**How to complete this task**
Transcribe nothing except the lines below that run from the one with "Authentic Custom Royal" to the one with "Krzesełko do karmienia", ends included, and do not copy any picture.

**Extracted material**
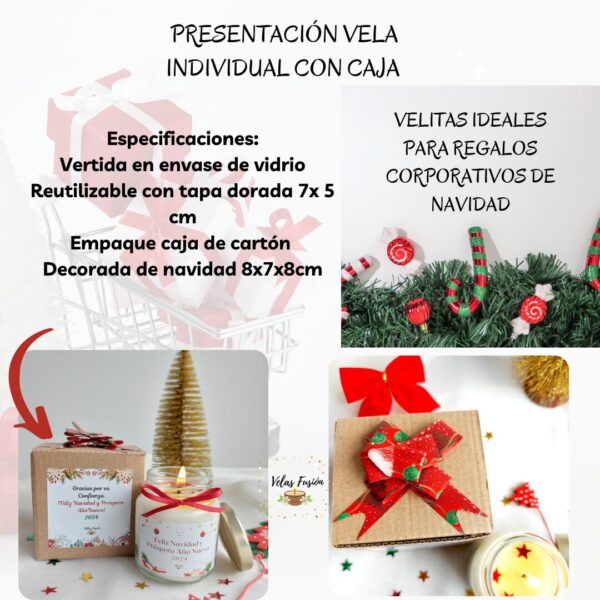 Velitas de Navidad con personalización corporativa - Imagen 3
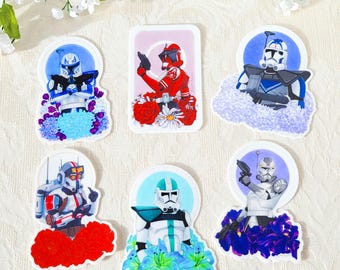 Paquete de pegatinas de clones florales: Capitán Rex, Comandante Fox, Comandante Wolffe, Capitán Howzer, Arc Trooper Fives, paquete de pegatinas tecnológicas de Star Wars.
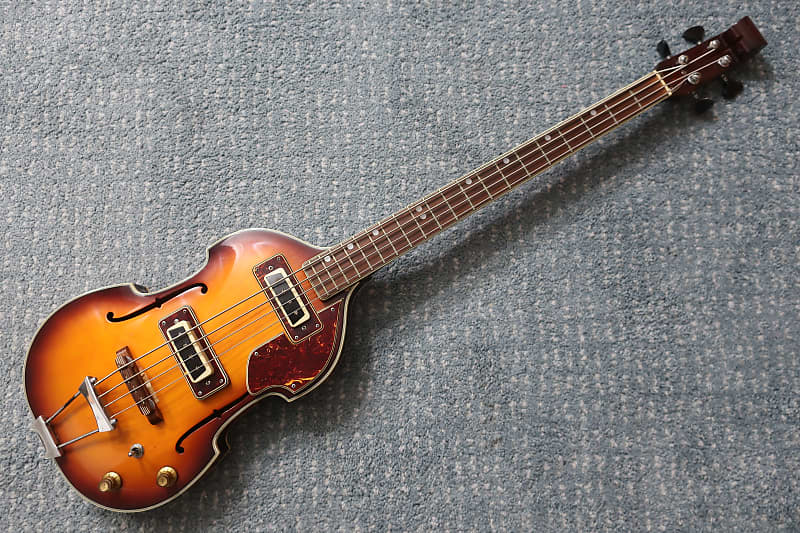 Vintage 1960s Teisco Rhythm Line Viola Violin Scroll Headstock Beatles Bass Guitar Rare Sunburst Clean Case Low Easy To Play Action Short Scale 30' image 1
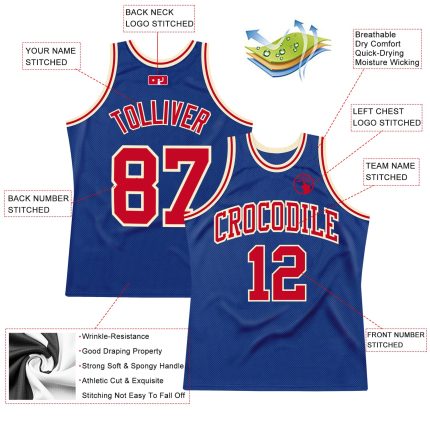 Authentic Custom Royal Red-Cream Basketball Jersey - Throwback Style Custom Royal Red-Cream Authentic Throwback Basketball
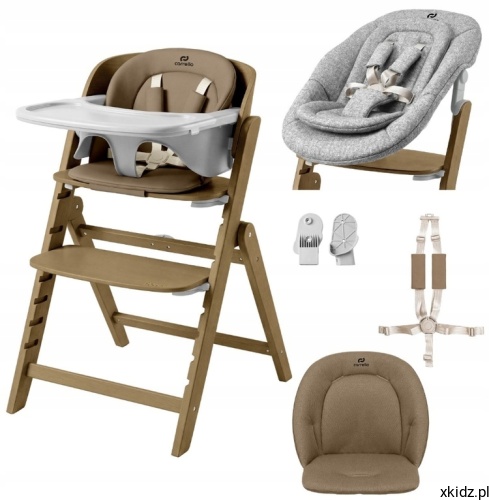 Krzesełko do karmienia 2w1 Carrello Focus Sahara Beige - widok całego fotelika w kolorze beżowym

* * *

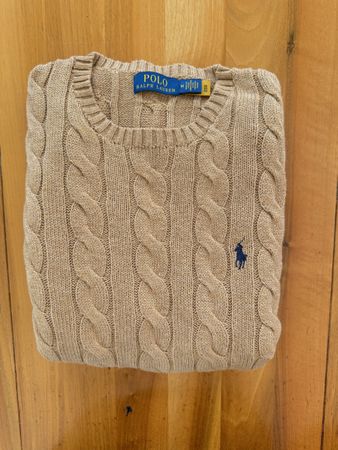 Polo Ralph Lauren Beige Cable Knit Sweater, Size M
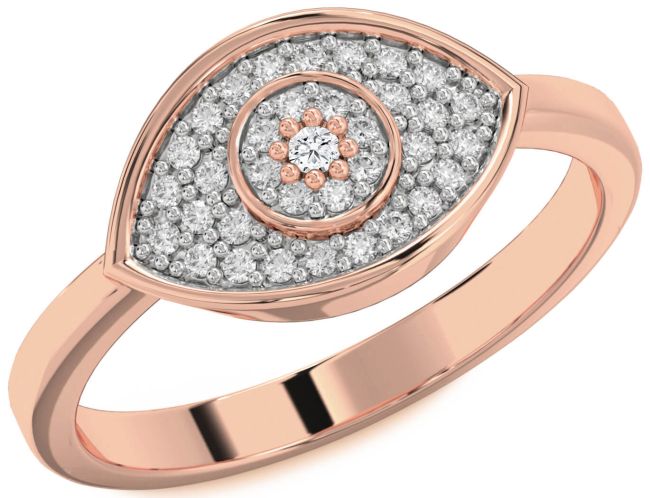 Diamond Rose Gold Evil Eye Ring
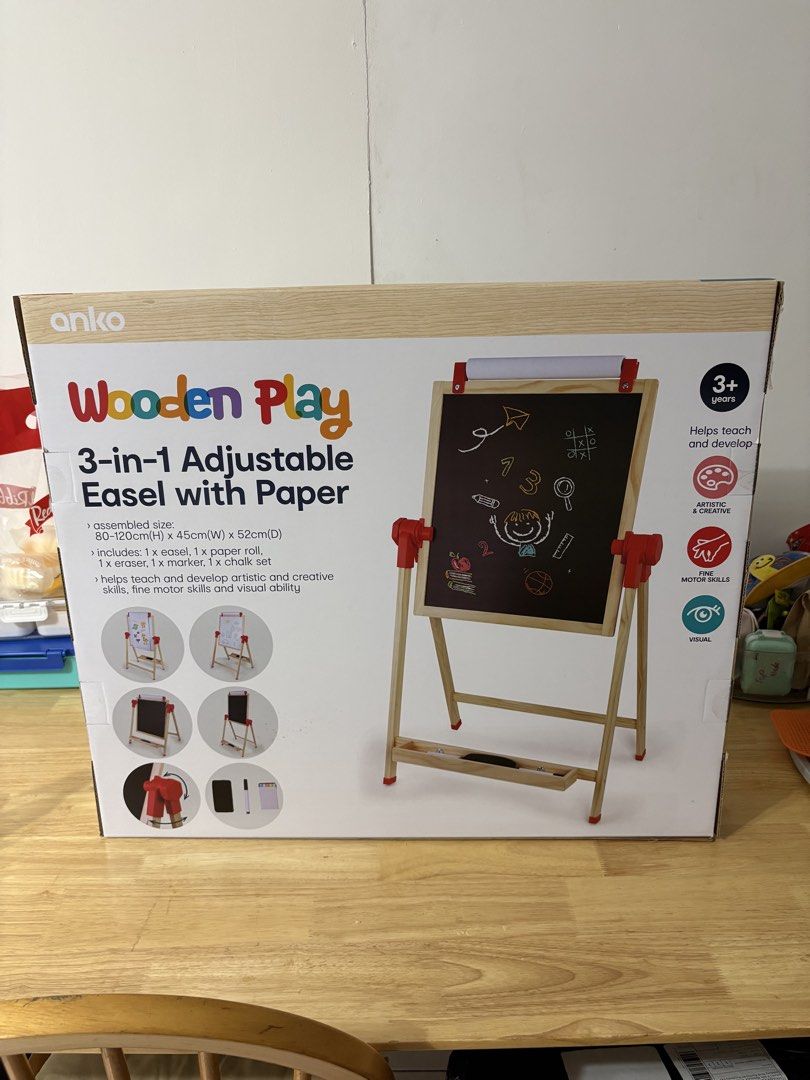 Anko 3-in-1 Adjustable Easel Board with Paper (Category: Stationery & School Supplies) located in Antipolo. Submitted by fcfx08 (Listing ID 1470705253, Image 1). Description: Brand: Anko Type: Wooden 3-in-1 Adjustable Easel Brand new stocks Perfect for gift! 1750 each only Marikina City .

**Reply to the task**
 Authentic Custom Royal Red-Cream Basketball Jersey - Throwback Style Custom Royal Red-Cream Authentic Throwback Basketball
 Krzesełko do karmienia 2w1 Carrello Focus Sahara Beige - widok całego fotelika w kolorze beżowym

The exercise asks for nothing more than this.